Before Romanticism, originality was not a virtue. When he sat down to write Paradise Lost, Milton lifted not just his plot but all his characters from the Bible, and Alexander Pope is known for his imitations of Horace. Ah, you might say, but they were overt in their imitation, manifesting their own artistic prowess in their masterly reworkings of predecessor texts [footnote: Harold Bloom, The Anxiety of Influence]. Quite different from today's paste-up artists.

Yes, perhaps, but in the realm of low art, back in the day, as soon as a novel came out, dozens of practically verbatim imitations flooded the marketplace. We think of Robinson Crusoe as the proto-novel, but it was based on the life of Alexander Selkirk, itself written up in The Englishman by Richard Steele, so how can we condemn all those subsequent hack-written desert island tales? And what is Jane Eyre but Pamela with a few twists?

However, between Daniel Defoe and Charlotte Bronte, to collapse literary history, the Romantics put originality and inspiration up on a pedestal, Byron sued over imitations of The Corsair, and via Art and Law, it became important for writers to make up their own stuff.

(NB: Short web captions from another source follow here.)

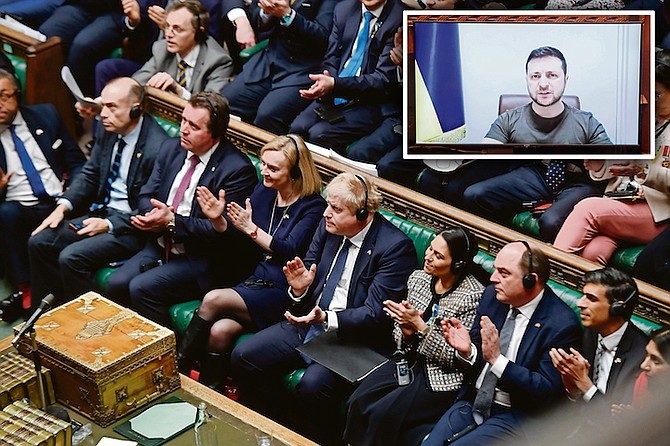 BRITAIN’S Prime Minister Boris Johnson, centre, and lawmakers applaud as Ukrainian President Volodymyr Zelenskyy is displayed on a screen, top right, and addresses the House of Commons in London, last Thursday. Photos: Jessica Taylor/UK Parliament via AP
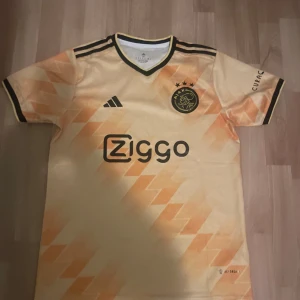 Ajax gul fotbollströja Adidas M - Ajax fotbollströja i gul och orange toner från Adidas, storlek M. Tröjan har korta ärmar, svart-vita detaljer och Ajax-logga med tre stjärnor på bröstet. Ziggo och GigaNet som sponsorer, tillverkad i lätt polyester med geometriskt mönster.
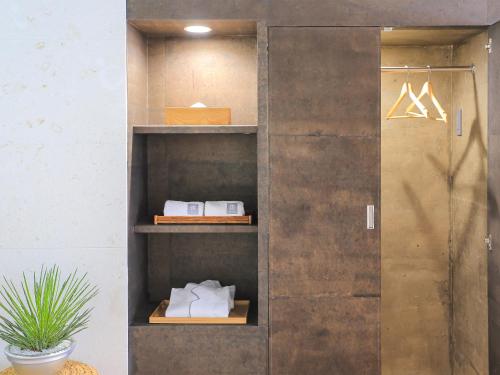 a wooden closet with some boxes on it at 鸛巣（ムカカヴィラ コウノス) in Nakijin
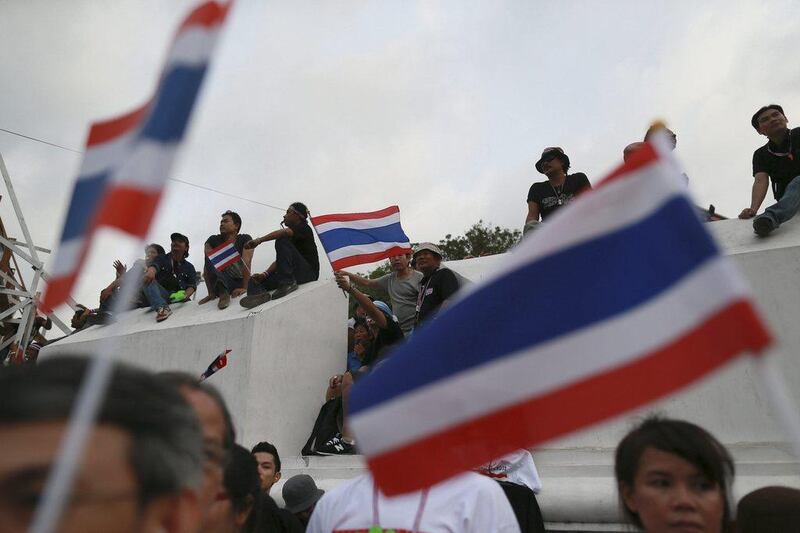 Protesters gather with Thai national flags at an anti-government rally, calling for Thai Prime Minister Yingluck Shinawatra to step down, in Bangkok, Thailand. Wason Wanitchakorn / AP Photo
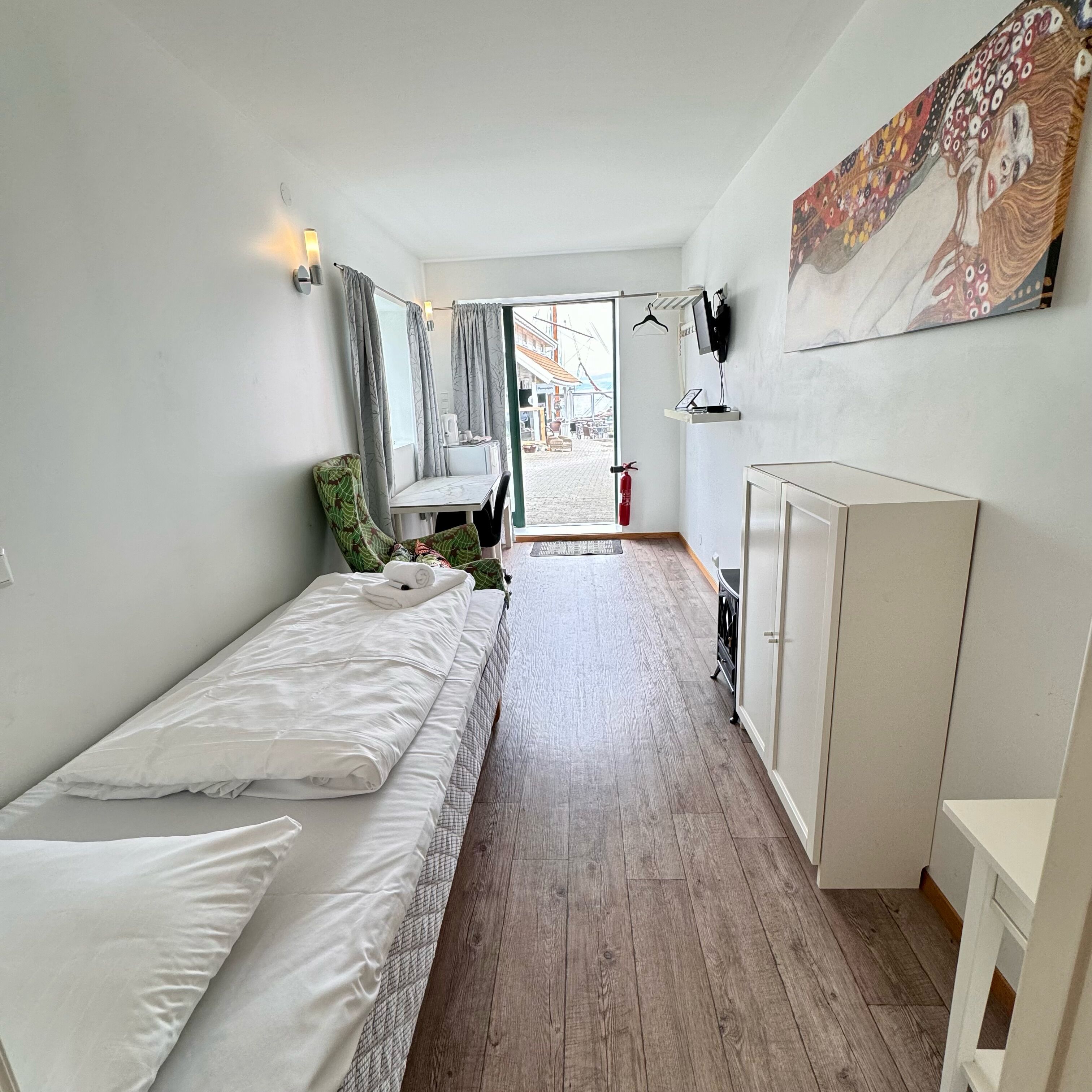 A compact hotel room with a bed, a small desk, a wardrobe, and a painting on the wall.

Except, not so much. Harlequin romances anyone? Wide Sargasso Sea? A Thousand Acres? Yes, yes, those are artistic revisionings, but my point is that there is a vast literary history of imitation, some of it respectful and respectable, some of it not.

So which side does Kaavya Viswanathan fall on? I'm not quite sure. Did she really sit there with Sloppy Firsts next to her computer and copy big chunks of it into How Opal Mehta Got Kissed, Got Wild, and Got a Life? If she did, she's an idiot. Or are Megan McCafferty's books (which I only heard of for the first time two weeks ago, and once again felt like an idiot for not knowing about something so popular) so popular that they were indeed seared into her brain to the point that the words and ideas felt like they were hers? Or, like all those first novelists who write about a young boy at odds with the world out on a spree (did you say Catcher in the Rye?), was it a bit of both, as she paid homage to what she loved and forgot what she had remembered?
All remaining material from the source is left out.